The testing was performed with a fluke 87 true rms multimeter.


----------



## Nathan (Jul 21, 2003)

I'll let an electrician answer.

But, please sign your posts so we know who you are... 
Better yet, Register!

Thanks


----------



## Guest (Jan 7, 2004)

Unregistered said:


> I'm having a problem in my home with lights dimming. I have checked the ground connection to the cold water system, main panel for loose connections, meter socket for loose connections. I was unable to check the ground connection at the rod outside because its buried too deep. I performed a test using a 1250 watt hair dryer to put a load on a branch circuit that was on phase A. The voltage without the hair dryer on was 121.3, when I turned the hair dryer on, the voltage dropped to 119.8. I performed the same test of phase B and the voltage was 122.6 with the hair dryer off and 121.4 when the hair dryer was turned on. I also checked the voltage across A and B phase, it was 243.9, then I turned the hair dryer on and the voltage dropped to 242.8. I called the power company, and they told me if they can't find the problem, I would be billed for the crew's time.

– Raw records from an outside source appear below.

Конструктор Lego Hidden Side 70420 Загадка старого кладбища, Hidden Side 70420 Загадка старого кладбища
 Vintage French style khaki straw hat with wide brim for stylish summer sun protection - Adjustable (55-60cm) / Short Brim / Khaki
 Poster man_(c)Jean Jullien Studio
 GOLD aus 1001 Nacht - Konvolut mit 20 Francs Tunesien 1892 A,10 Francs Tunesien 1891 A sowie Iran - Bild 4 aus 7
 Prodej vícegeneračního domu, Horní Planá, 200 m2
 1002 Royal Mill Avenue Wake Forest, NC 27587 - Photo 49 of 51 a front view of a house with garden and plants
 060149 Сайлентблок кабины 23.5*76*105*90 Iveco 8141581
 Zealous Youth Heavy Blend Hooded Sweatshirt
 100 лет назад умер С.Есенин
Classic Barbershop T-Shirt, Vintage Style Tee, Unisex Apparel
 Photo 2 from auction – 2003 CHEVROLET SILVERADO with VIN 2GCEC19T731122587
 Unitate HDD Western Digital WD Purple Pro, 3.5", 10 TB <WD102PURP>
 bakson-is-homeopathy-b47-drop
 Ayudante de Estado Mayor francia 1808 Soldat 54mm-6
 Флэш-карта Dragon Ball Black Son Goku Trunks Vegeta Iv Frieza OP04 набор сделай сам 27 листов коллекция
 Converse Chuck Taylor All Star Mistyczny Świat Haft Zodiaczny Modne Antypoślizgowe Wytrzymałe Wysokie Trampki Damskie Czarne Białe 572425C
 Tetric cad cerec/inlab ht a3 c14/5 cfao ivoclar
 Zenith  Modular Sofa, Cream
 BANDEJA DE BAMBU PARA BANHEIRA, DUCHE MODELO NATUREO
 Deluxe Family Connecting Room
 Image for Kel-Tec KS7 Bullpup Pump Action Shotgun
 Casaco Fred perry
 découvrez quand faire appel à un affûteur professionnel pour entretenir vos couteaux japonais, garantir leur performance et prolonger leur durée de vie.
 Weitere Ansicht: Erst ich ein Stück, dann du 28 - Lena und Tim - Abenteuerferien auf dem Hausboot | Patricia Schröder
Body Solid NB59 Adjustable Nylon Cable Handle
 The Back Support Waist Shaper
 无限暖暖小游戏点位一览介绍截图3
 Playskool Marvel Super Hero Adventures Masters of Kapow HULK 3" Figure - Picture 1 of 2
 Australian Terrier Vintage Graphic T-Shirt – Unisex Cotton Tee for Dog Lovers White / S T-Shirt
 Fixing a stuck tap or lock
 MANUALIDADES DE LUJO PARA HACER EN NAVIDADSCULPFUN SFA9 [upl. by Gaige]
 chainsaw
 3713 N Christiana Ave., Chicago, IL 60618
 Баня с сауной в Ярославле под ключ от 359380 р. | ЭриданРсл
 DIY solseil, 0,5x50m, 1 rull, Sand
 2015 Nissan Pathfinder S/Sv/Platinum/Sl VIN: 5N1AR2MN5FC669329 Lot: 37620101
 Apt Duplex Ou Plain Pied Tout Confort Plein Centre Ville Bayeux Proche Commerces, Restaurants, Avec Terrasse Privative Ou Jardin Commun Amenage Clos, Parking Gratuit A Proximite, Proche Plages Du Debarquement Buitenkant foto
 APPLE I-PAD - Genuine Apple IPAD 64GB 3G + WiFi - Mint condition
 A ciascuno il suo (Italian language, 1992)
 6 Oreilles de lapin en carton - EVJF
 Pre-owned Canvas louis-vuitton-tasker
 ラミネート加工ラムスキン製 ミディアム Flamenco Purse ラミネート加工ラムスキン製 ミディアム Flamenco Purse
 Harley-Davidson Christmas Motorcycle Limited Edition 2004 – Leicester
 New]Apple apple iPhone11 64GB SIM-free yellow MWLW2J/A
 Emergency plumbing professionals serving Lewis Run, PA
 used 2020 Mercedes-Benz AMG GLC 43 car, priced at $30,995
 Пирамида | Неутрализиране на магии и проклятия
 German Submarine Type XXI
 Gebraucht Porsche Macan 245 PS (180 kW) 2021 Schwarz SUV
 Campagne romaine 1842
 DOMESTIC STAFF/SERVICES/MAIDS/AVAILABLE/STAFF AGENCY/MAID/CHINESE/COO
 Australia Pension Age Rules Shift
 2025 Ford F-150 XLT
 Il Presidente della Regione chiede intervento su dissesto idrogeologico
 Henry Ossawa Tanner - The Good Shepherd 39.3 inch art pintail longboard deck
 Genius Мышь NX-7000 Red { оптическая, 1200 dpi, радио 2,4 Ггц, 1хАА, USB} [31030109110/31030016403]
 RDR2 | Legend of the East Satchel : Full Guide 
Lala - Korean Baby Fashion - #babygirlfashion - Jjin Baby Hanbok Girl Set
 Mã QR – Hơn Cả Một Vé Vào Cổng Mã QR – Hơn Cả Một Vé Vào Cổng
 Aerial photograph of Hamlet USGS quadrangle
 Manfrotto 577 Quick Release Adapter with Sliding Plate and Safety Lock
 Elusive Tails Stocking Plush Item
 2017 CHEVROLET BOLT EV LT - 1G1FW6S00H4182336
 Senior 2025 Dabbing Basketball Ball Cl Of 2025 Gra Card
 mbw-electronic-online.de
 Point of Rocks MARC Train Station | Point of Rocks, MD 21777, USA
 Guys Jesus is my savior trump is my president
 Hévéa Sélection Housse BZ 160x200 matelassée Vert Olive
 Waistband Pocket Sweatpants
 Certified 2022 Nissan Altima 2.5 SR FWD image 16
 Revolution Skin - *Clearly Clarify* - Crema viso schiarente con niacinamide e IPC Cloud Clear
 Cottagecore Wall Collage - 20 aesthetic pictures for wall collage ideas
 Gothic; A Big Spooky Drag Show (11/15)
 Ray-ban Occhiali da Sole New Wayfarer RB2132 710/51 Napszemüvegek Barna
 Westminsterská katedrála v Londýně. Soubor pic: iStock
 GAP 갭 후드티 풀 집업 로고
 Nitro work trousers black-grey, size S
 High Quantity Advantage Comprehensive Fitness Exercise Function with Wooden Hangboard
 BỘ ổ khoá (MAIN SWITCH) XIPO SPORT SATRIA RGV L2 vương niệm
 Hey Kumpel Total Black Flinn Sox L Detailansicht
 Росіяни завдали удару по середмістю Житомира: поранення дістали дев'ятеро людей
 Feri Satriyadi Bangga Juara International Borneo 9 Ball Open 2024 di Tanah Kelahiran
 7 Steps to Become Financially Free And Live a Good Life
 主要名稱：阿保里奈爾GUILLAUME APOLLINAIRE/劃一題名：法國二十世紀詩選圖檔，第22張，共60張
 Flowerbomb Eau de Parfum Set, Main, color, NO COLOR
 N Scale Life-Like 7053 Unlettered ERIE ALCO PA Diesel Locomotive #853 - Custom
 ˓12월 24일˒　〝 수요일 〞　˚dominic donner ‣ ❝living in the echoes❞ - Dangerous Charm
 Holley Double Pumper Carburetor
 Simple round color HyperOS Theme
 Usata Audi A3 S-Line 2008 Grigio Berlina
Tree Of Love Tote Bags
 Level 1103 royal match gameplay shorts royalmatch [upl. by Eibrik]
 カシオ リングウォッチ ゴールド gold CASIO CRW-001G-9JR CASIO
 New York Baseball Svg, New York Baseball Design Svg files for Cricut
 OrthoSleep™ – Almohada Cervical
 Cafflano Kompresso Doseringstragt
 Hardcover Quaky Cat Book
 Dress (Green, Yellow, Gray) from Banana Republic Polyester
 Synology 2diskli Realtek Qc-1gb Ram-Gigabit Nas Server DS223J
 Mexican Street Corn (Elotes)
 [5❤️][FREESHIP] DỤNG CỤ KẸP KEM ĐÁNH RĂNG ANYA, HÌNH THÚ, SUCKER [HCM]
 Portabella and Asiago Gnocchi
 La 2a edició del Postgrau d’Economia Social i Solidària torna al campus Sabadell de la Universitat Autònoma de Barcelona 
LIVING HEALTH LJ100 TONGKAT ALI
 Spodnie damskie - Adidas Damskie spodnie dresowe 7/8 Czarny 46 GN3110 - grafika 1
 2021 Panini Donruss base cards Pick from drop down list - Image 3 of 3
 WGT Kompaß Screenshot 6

Any input from you on this matter would be greatly appreciated.
> 
> The testing was performed with a fluke 87 true rms multimeter.


do the lights dim only when major appliances come on??? if so it sounds like a voltage problem not with the power co. but the wire size (awg) feeding the major appliances.ex--a/c, heat, dry,H2O heater maby. question are the appliances far from the power sorce?? make sure your service conductors are the proper size (2/0--3/0--4/0--500kcmil etc............


----------



## Guest (Feb 16, 2004)

Unregistered said:


> do the lights dim only when major appliances come on??? if so it sounds like a voltage problem not with the power co. but the wire size (awg) feeding the major appliances.ex--a/c, heat, dry,H2O heater maby. question are the appliances far from the power sorce?? make sure your service conductors are the proper size (2/0--3/0--4/0--500kcmil etc............


The lights will dim when the well pump turns on ,clothes dryer.I can plug a hand held hair dryer into any receptical in the house and the lights will dim.


----------



## Guest (Feb 16, 2004)

Unregistered said:


> The lights will dim when the well pump turns on ,clothes dryer.I can plug a hand held hair dryer into any receptical in the house and the lights will dim.


Iforgot to mention that the service is 200amps and the feeder size is 4/0 aluminum.All connections are tight .


----------